Professor Linda Harrison
Professorial Research Fellow in Early Childhood Education in the Department of Educational Studies at Macquarie University
Linda is a key researcher on the Longitudinal Study of Australian Children (LSAC), in which she was responsible for examining the quality of educator-child relationships amongst a representative sample of 6,000 Australian children from infancy to mid-childhood. She also has authored several journal articles and book chapters focused on the importance of high-quality teacher-child relationships. Drawing on this work, Linda believes that all children in early childhood contexts have a right to experience professional love. Linda will discuss her longitudinal research findings with participants and will outline how professional (or pedagogical) love is defined in the literature.
Dr Fay Hadley
Senior Lecturer in Early Childhood Education and Director of Initial Teacher Education in the Department of Educational Studies at Macquarie University
Fay has extensive experience in the early childhood sector, both as a former centre director and current pre-service teacher educator. Fay’s research examines partnerships with diverse families in educational settings and the impacts this has on educational outcomes for children. She has recently published a new peer-reviewed article on the importance of love and care from the perspective of educators and parents. Fay will discuss her recent research about the importance of pedagogical love to different stakeholders. She will situate this work within the Early Childhood Australia Code of Ethics.

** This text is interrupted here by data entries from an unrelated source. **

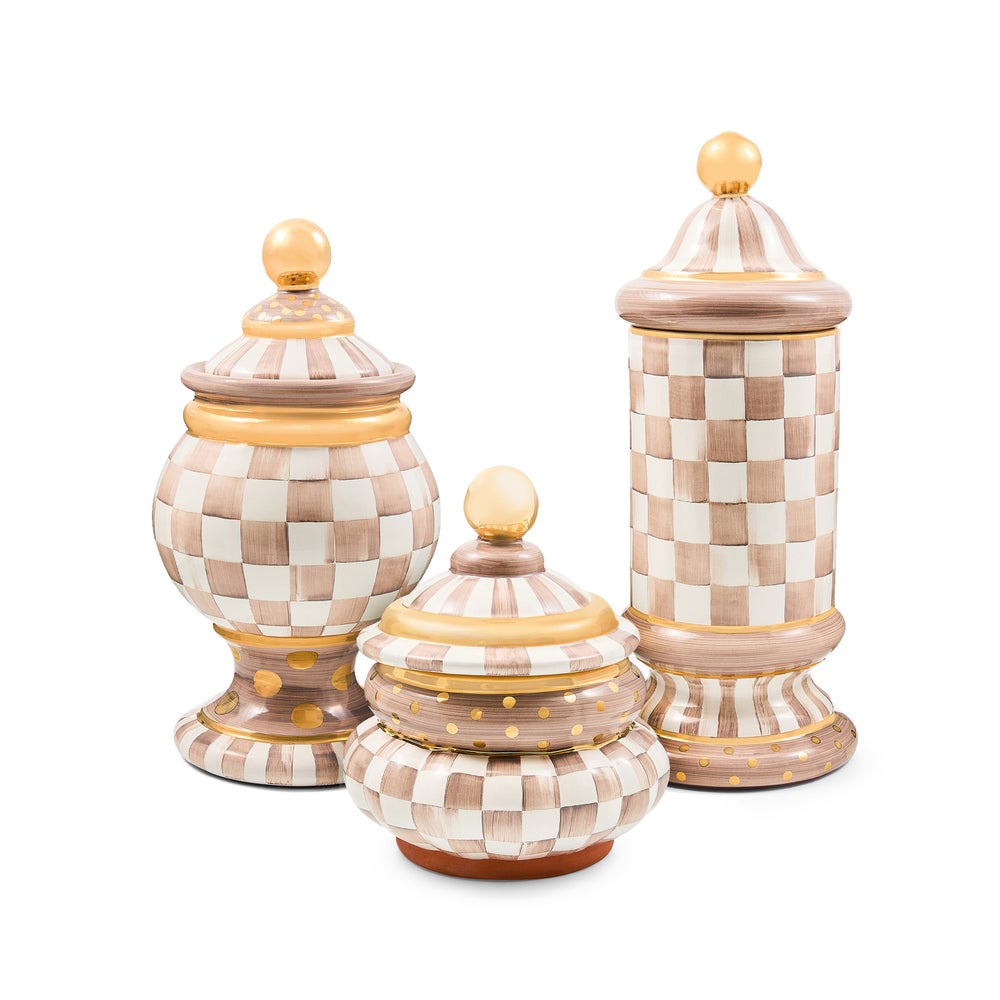 MACKENZIE-CHILDS Mackenzie-chilllds Mocha Check Ceramic Canister - Image 7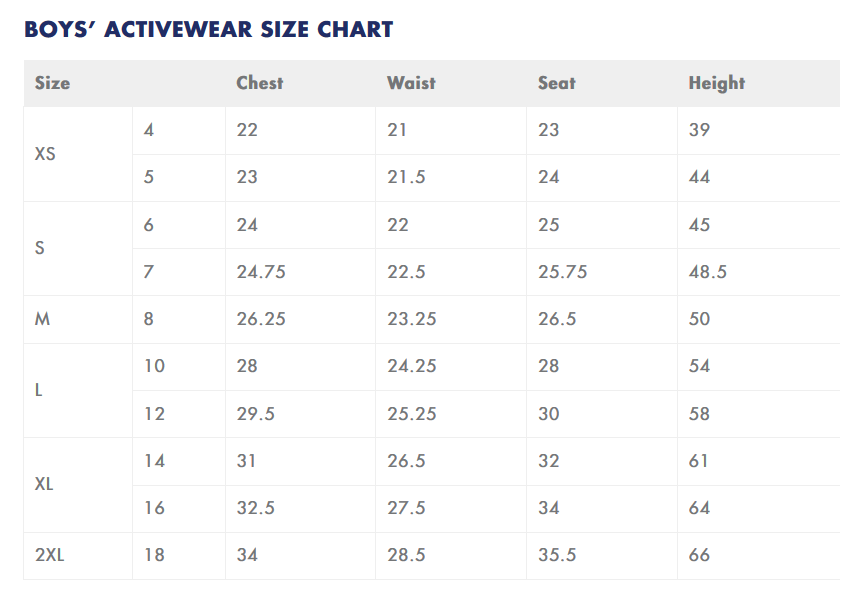 Fruit Of The Loom Sleep Pants Size Chart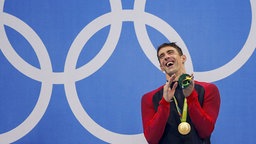 US-Schwimmer Michael Phelps lacht. © DPA Picture Alliance Foto: Patrick B. Kraemer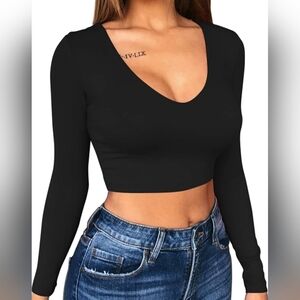 Black Scoop V-Neck Long Sleeve Crop Top Sexy Bodycon Basic, Women's Medium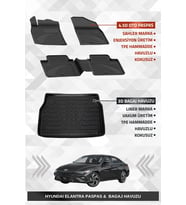 Sahler Hyundai Elantra 2021+ Uyumlu 4.5D Premium Havuzlu Oto Paspas ve Liner Marka 3D Bagaj Havuzu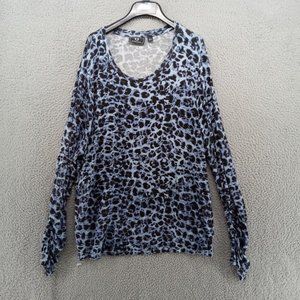 G by Giuliana Shirt Womens 2X Black Purple Animal Print‎ Long Sleeve Tee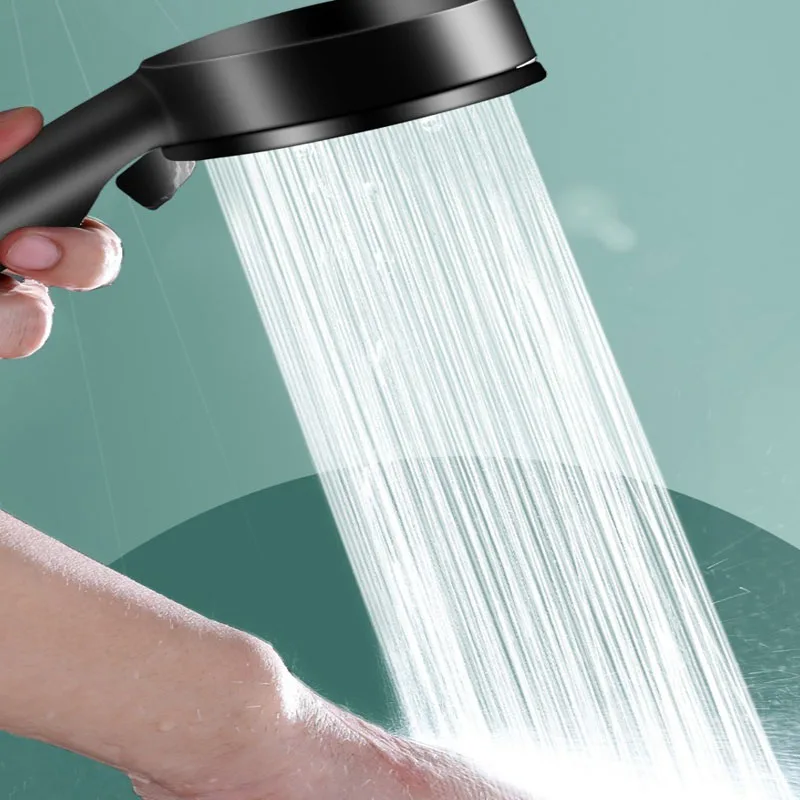 Pommeau de douche haute pression 5 jets réglables avec flexible, économie d'eau, arrêt automatique du jet, accessoires de salle de bain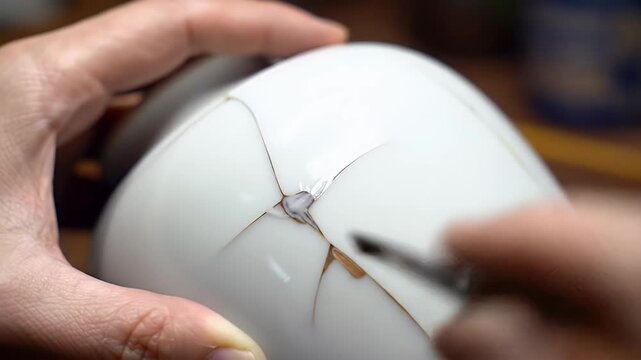 Close-up of hands carefully mending a cracked, off-white ceramic piece with a small brush, applying adhesive along gold-veined cracks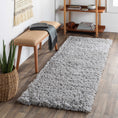 Load image into Gallery viewer, Siari Solid Medium Gray Shag Rug
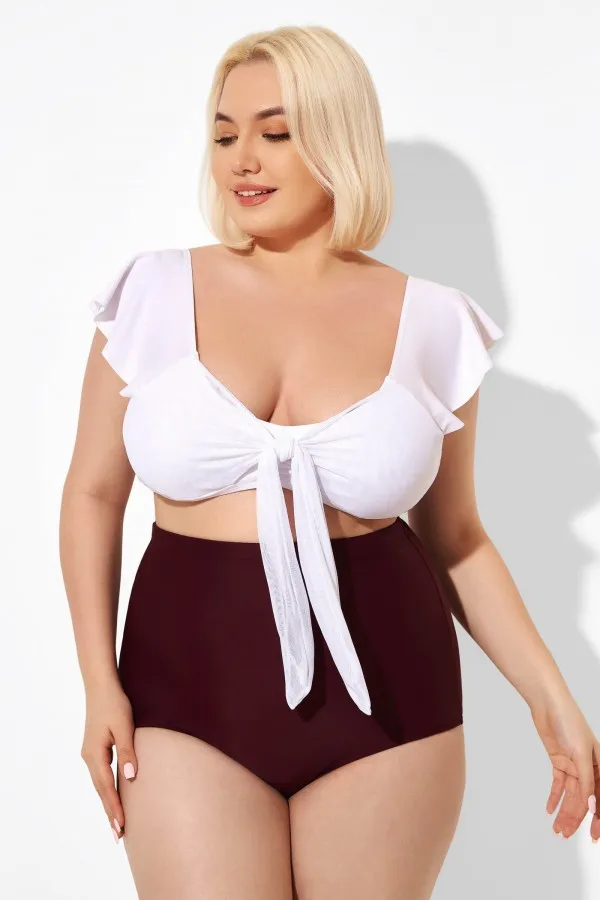 White Cap Sleeve Tie-front Bikini Top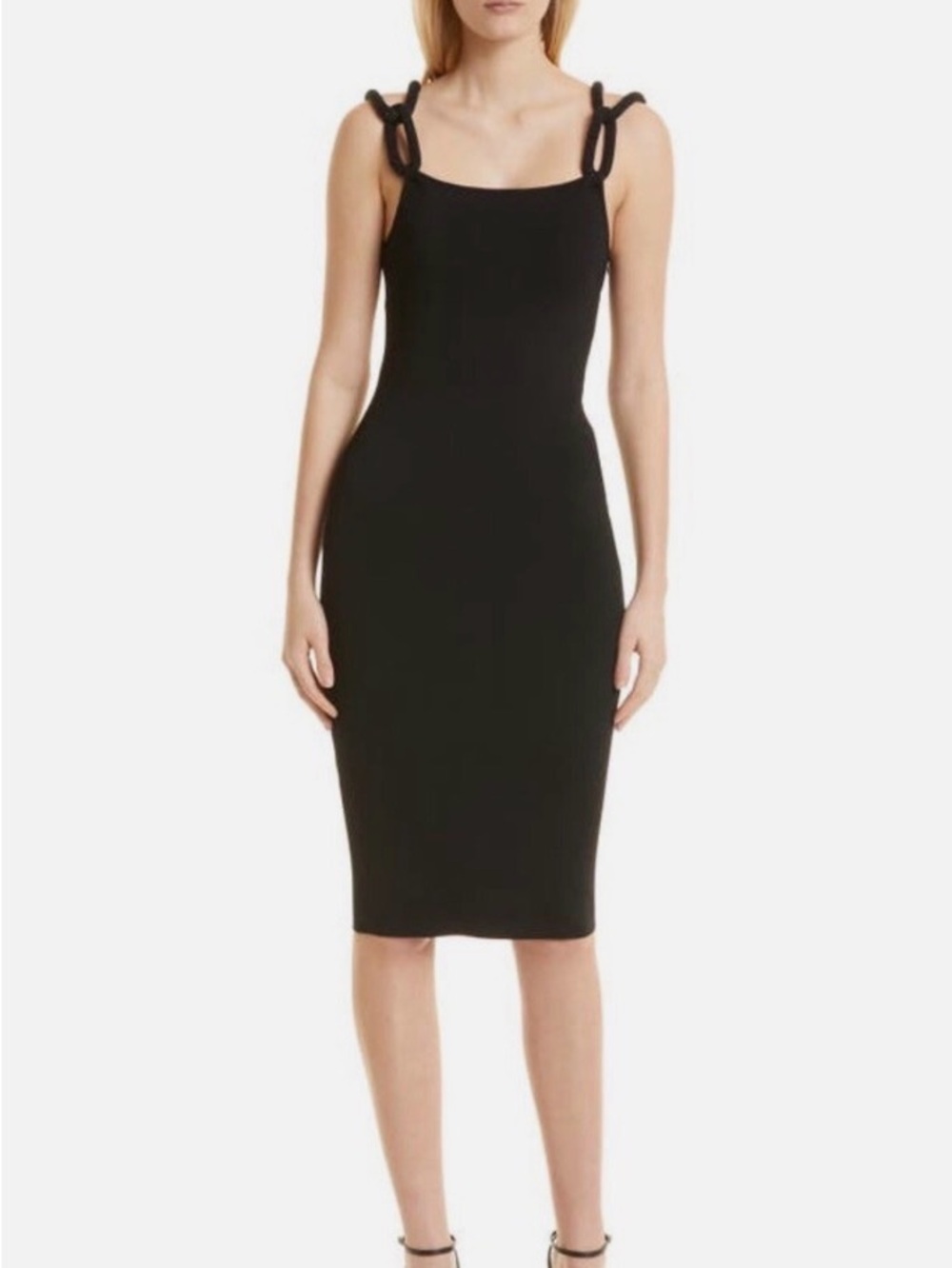 Alice + Olivia - Alina Cord Chain Strap Knit Midi Dress in Black - XS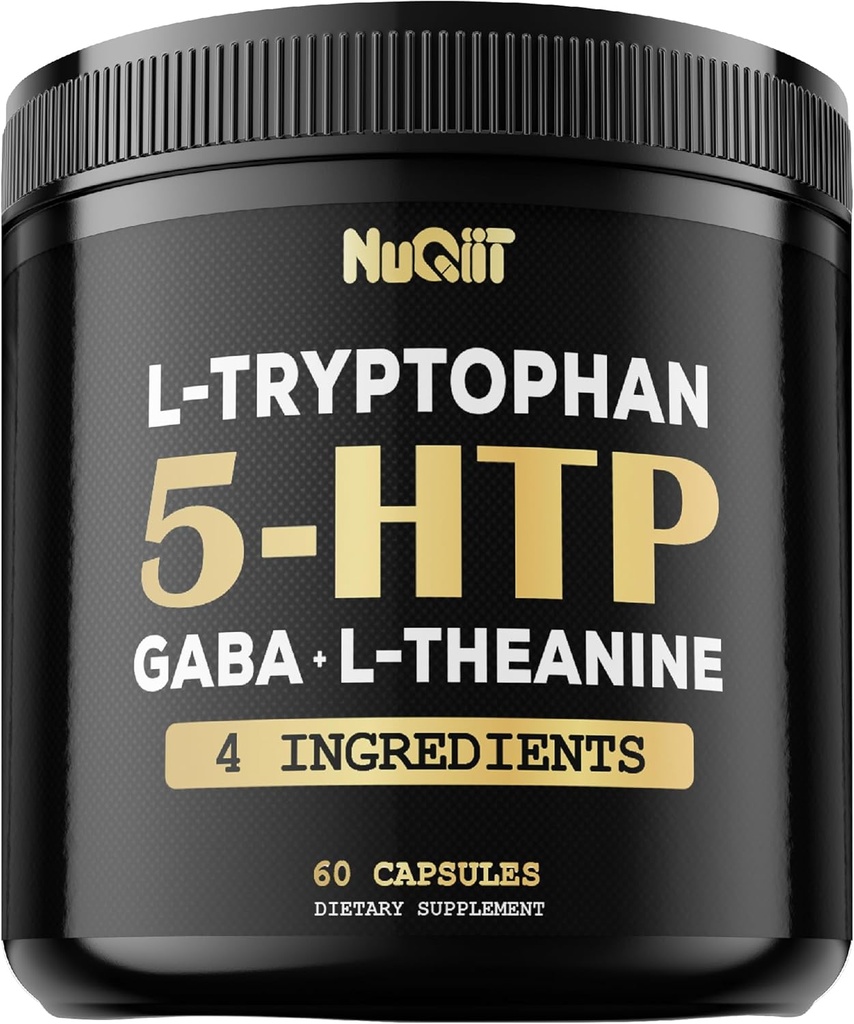 5 HTP 200mg GABA 500mg L-Theanine 200mg L-Tryptophane Supplément de 100mg - Soutien Cerveau, Circulation Santé, Concentration et Repos Bien - 60 capsules pour 1 mois - 4en1 Premium Blend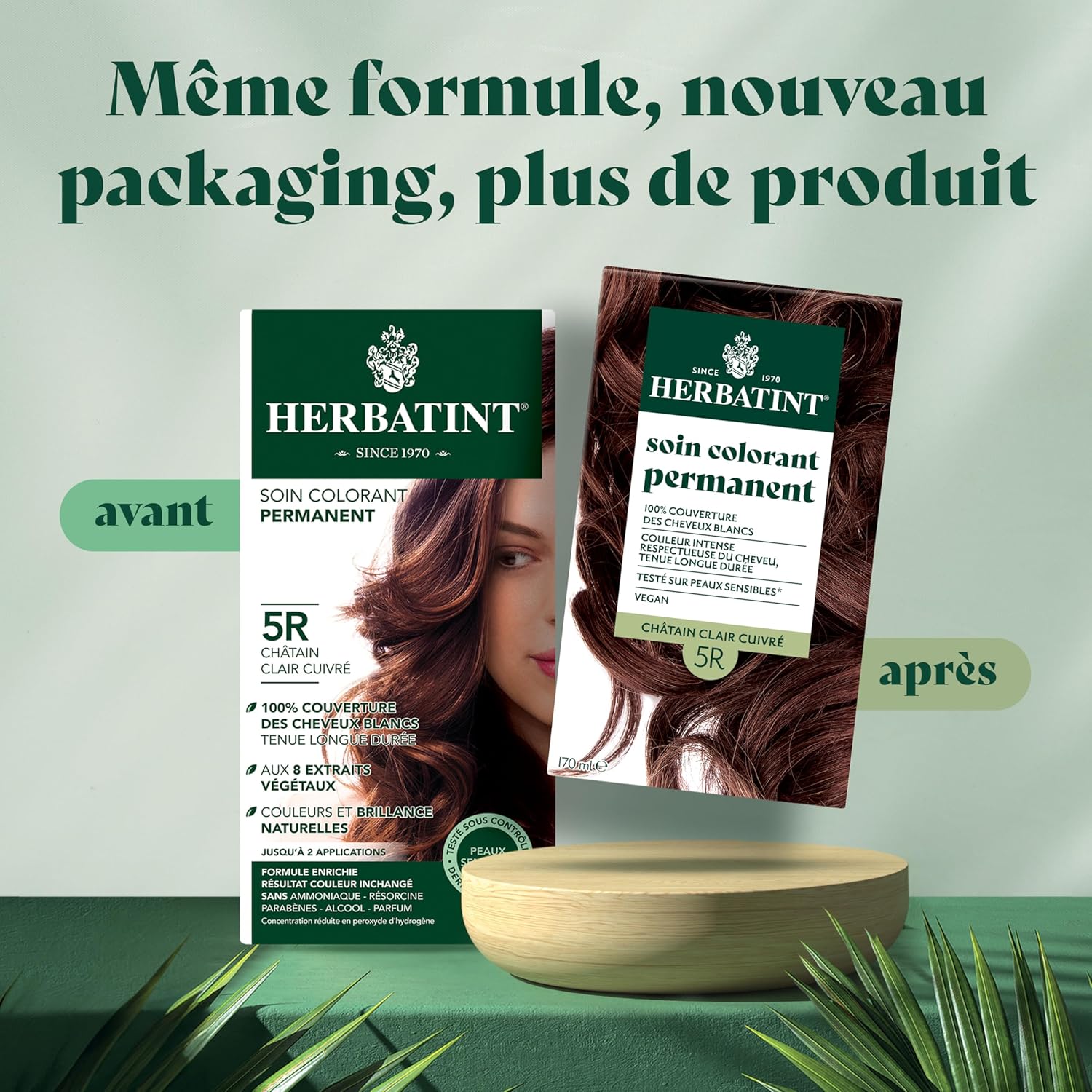 Herbatint - Soin Colorant Permanent - 170ml - Cheveux châtain clair cuivré, sans ammoniaque, 100% couvrant, testé peaux 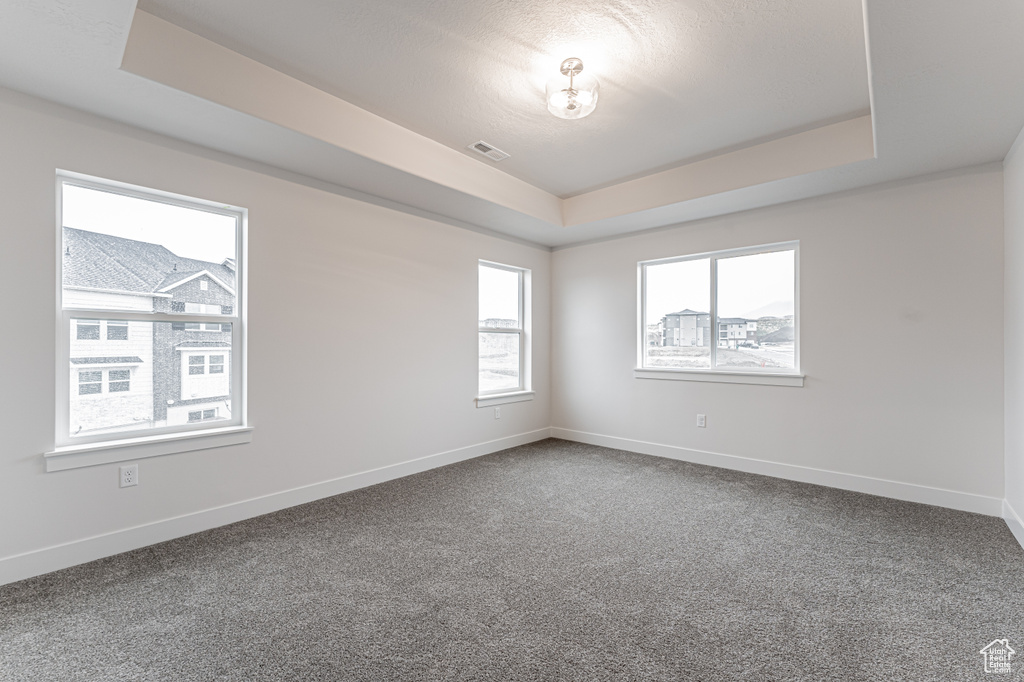 Empty room with visible vents, a raised ceiling, baseboards, and dark colored carpet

Lead Early Childhood Teacher at Mia Mia Child and Family Study Centre
Mel is an early childhood teacher with more than 15 years of experience in the sector. Drawing on her expertise working with a range of diverse children and families, she believes that all children have a right to love in both their families and their broader communities. Although the professionally-oriented “pedagogical” love of an educator differs in important ways from the love experienced within families, it is meaningful and important. Mel will discuss how she uses traditions, rituals and relationships to contribute to children’s sense of belonging. She also will discuss how professional educators in long day care settings can create genuine and reciprocal engagements with children using responsiveness, kindness, and empathy.
Classroom Teacher, Assistant Principal, and Instructional Coach at John Purchase Public School
Stephanie is the founder of the New Teacher Tribe initiative and #PSTchat, a chat dedicated to supporting pre-service teachers around the world. In 2017 Stephanie won the Executive Director's Recognition Award for Innovation and Creativity in Leading Learning Towards Improved Student Outcomes. Stephanie will discuss how teachers’ professional/pedagogical love and care in early childhood contexts can support children in the transition from prior-to-school to primary school. She will also discuss the importance of early childhood and early stage 1 teachers maintaining professional boundaries and will situate this discussion within the NSW Department of Education Code of Conduct.
Completing this Evening in Conversation will contribute to 2 hours of NSW Education Standards Authority (NESA) Registered PD addressing 6.2.2, 6.2.2 and 7.1.2 from the Australian Professional Standards for Teachers towards maintaining Proficient Teacher Accreditation in NSW. You must provide your NESA number during registration to validate your accreditation
Public transport services to the University extend right across Sydney and there are over 4,500 parking spaces at Macquarie University.
Free University Parking Permits are included with registration - we recommend you park in West 4 where it is a short walk across the road to 10 Hadenfeld Avenue.